Fr., 27.07.2018

Ernte vor 60 Jahren und heute Faszinierende Gegenüberstellung

Vor 60 Jahren brauchte es für den gleichen Hektar an der Sinninger Mühle einen ganzen Tag, bis die Stiegen auf dem Feld standen. Das Foto zeigt Herbert, Johannes und Heinz Eilers (von links) mit einem Hanomag R12 mit Selbstbinder.

Vor 60 Jahren brauchte es für den gleichen Hektar an der Sinninger Mühle einen ganzen Tag, bis die Stiegen auf dem Feld standen. Das Foto zeigt Herbert, Johannes und Heinz Eilers (von links) mit einem Hanomag R12 mit Selbstbinder. Foto: Möller

Saerbeck - 

Ein Zufall ist es nur, aber er zeigt eine interessante und bemerkenswerte Gegenüberstellung von alt und neu in der Landwirtschaft.

Von Alfred Riese

Das recht aktuelle Foto von Claudia Puckert stammt aus einer Bilderschau zu einer Veranstaltung der Saerbecker Landwirteschaft und zeigt einen modernen Mähdrescher bei der Arbeit vor der Sinninger Mühle. Als Heinz Eilers (71 Jahre) es sah, machte es in seinem Kopf Klick. Über dem Sofa in seiner Wohnung in Emsdetten hängt ein gerahmtes Schwarz-Weiß-Foto, das eine ähnliche Szene zeigt: Getreideernte mit der Sinninger Mühle im Hintergrund. Aber ansonsten ist auf dem Bild aus dem Jahr 1958 alles anders.

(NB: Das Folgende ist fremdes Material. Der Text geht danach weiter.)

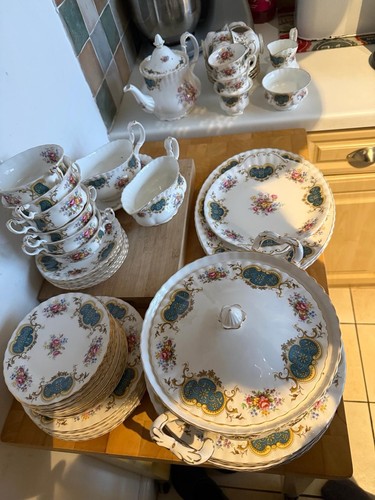 Royal albert berkeley bone - albert,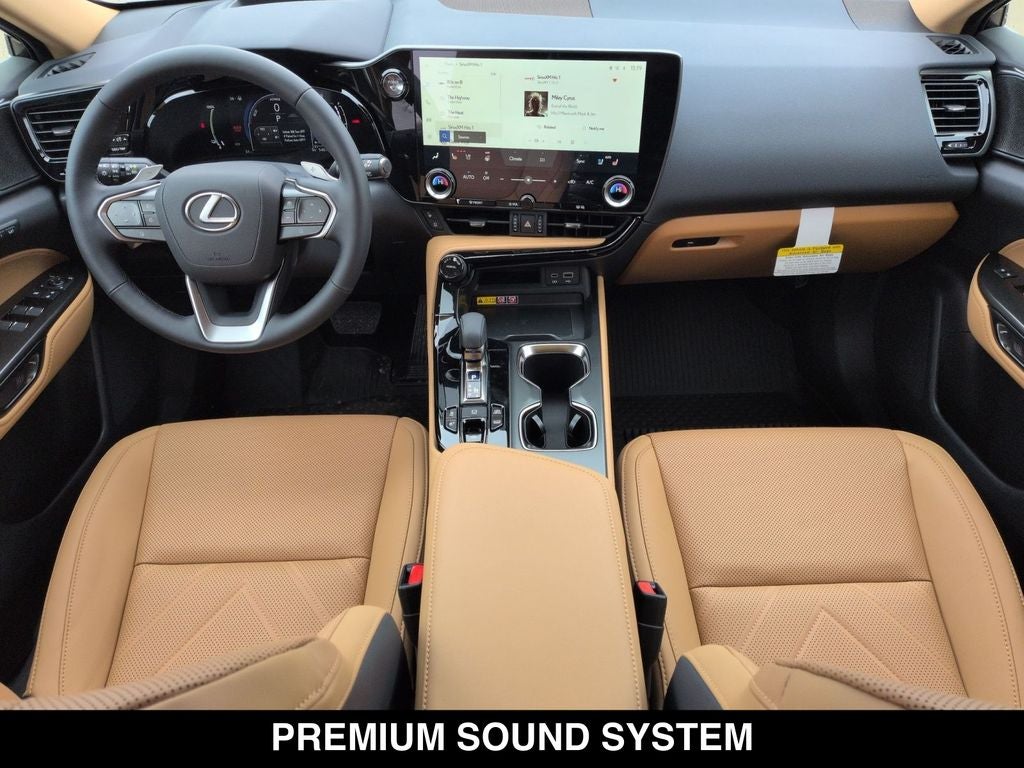 2026 Lexus NX 450h+ Luxury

Heinz Eilers – selbst kein Bauer gewesen, aber vom Hof – ist auf dieser Aufnahme aus einer anderen Zeit selbst abgebildet. Er kann sich noch erinnern, wie der Fotograf Möller aufs Feld kam mit seiner Kamera, rief „Haltet ein!“ und dann sein Motiv etwas umstellte, damit der Schatten des Mähbalkens nicht mehr störte. Im Hintergrund ragt die Mühle noch an ihrem alten Standort mitten auf dem Hof empor, etwas nördlicher als jetzt. Am Steuer des Treckers sitzt Heinz´ älterer Bruder Herbert, damals elf Jahre alt. In der Mitte legt der Vater Johannes Eilers das Getreide ab. Die Garben zieht rechts der junge Heinz Eilers ab.

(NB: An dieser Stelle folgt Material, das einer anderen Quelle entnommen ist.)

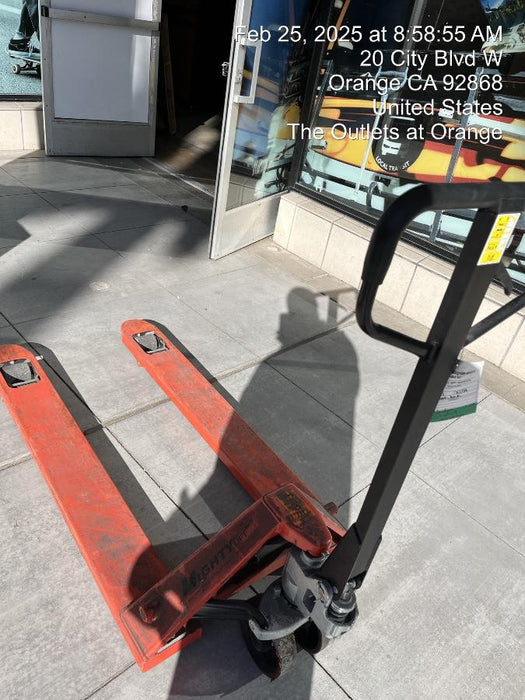 2024 MIGHTY LIFT ML55M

Weil er die Gegenüberstellung so faszinierend findet, hat Heinz Eilers recherchiert: Ernte damals und heute. Vor 60 Jahren fuhr auf dem Feld an der Mühle ein Hanomag R12 (12 PS). Der angehängte Selbstbinder stammte von McCormik und hatte eine Schnittbreite von 1,3 Metern. Die Kraftübertragung geschah über ein Laufrad am Binder. Ernten bedeutete fünf bis sechs Arbeitsgänge. Beim Mähen lieferte der Selbstbinder Garben, die die Frauen in Handarbeit zu Stiegen aufstellten und bündelten. Handarbeit war auch das Aufladen der Stiegen auf Reng­sterwagen. Die Fahrt von Stiege zu Stiege würde heute unter Kinderarbeit laufen. Ungedroschen wurde das Korn, wieder von Hand, in der Scheue abgeladen und gelagert, um später mit der Forke in den Drescher befördert zu werden. Das Korn abfüllen und einlagern, wie auch das Stroh, war der letzte Schritt. Auf etwa drei Arbeitskräfte für jeden einzelnen Schritt kommt Heinz Eilers, insgesamt knapp 18 Paar Hände.

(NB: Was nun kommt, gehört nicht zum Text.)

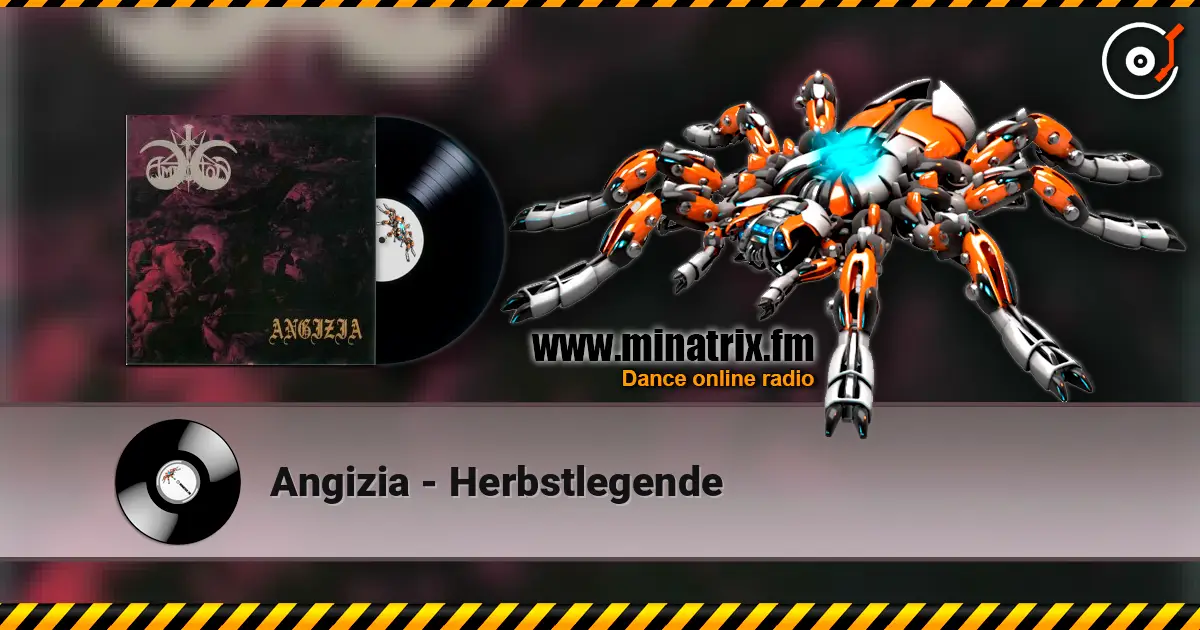 Angizia - Herbstlegende слушать онлайн в высоком качестве | Minatrix.FM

Mit weniger als einem Drittel Menschen geht es heute. Für den Mähdrescher auf dem aktuellen Foto hat Heinz Eilers die Daten eines modernen Claas Lexion 740 herausgesucht. Der schafft mit seiner Schnittbreite zwischen sechs und 7,5 Metern rund 1,5 Hektar in der Stunde inklusive Dreschen und Ballen binden. Im Führerhaus sitzt ein Fahrer, darüber hinaus braucht es zwei Trecker mit Fahrern zum Abtanken des Getreides und auf dem Hof eine Person, um das Silo zu befüllen. Auch das Einbringen der Strohballen erledigt im Zweifelsfall einer alleine. Vor 60 Jahren brauchte es allein für einen Hektar einen ganzen Tag, bis auch nur die Stiegen standen.